Still, after several freezes and thaws this winter, the lake tapestry of white and deep teal, swirls and lines and chunks shoved and melted together. On this day, the ice is more than 14 inches thick in spots, though it’s covered in pools and slush.
“Every couple of days, it changes out here,” says Scott Straetz, better known on Put-in-Bay as “Wisconsin Scott,” or the Ice Man.
(The Ohio Department of Natural Resources recommends ice be at last 4 inches thick for a human to walk on and 5 inches thick for snowmobiles or all-terrain vehicles.)
Straetz, who is from Wisconsin, coordinates every aspect of an ice fishing trip – transportation, lodging, heated shanty, fishing rods, bait, electronic fish finder and even a hot lunch, ordered from the only restaurant open on weekdays and delivered right to your shanty door.
Ice Man has eight guides, 10 permanent shanties and a bunch of pop-up tents.
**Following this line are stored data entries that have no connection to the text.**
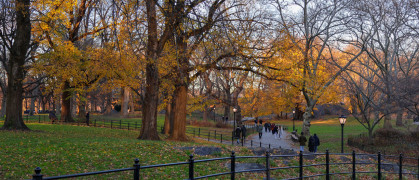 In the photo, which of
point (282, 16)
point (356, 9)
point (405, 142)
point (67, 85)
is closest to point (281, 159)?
point (405, 142)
They can accommodate up to 45 anglers at a time – which means getting up at 4 a.m. to position and stock the shanties and sometimes staying up until 1 a.m. cleaning fish. (It’s $.25 per perch and $1 per walleye.) And they guarantee that you’ll go home with your state limit catch of six walleye and 30 perch a day, even if they have to give you yours.
They’ll also teach beginners how to fish and offer tips to even the most advanced anglers, who travel from Wyoming, Illinois and Kentucky. Everybody flies onto the island, either on Island Air Taxi or Griffing Air, from the airportin Port Clinton.
On a recent Thursday ,Stan and Chris Koblinski, a father-son pair from Middleburg Heights, caught two walleye and a perch before noon.
“You can see the fish coming, and it’s beautiful,” said Stan.
Ice Fishing on Lake Erie
“You don’t have to worry about a boat or waves,” said Chris. “It’s just hanging out and talking, and once in a while you catch a fish.”
Anglers say you get addicted to ice fishing once you try it once or twice. They like how you can walk around and talk to people in different shanties, like a neighborhood where you can drill and fish wherever you want.
It’s a little creepy, though, to stand on the ice a half-mile from land in a mist created by warmer air mixing with frigid water.
“There’s a suckerhole,” says our guide, Brian “Moonshine” Gnacinski, pointing to a vortex of water swirling in a hole in the ice. “That one’s just swirling like a bugger… The stronger the wind blows, the faster the water goes, the bigger it grows.”
“Aren’t you terrified?” I ask, after watching a snowmobile spin in the slush.
No, he said. “I can’t say it doesn’t spook me out a little,” Gnacinski said. “But if you look where you walk, you should be safe.”
Regardless, Straetz – who spends the whole winter on South Bass Island – wears a float suit that will keep him buoyant if he ever falls through the ice. He also wears retractable ice picks in his coat sleeves.
Because while he’s busy every day answering clients’ calls, making food runs and chauffeuring anglers around the island, he makes sure to get an hour of fishing in.
“As long as I catch one fish in a day, I’m content.”
If you go
Ice Man Guiding Service
Transportation: Griffin Air and Island Air Taxi fly from Port Clinton International Airport at regular 15-minute intervals
Cost: Monday-Thursday $200 a day, Friday-Sunday $250 a day. Kids 15 and under fish free.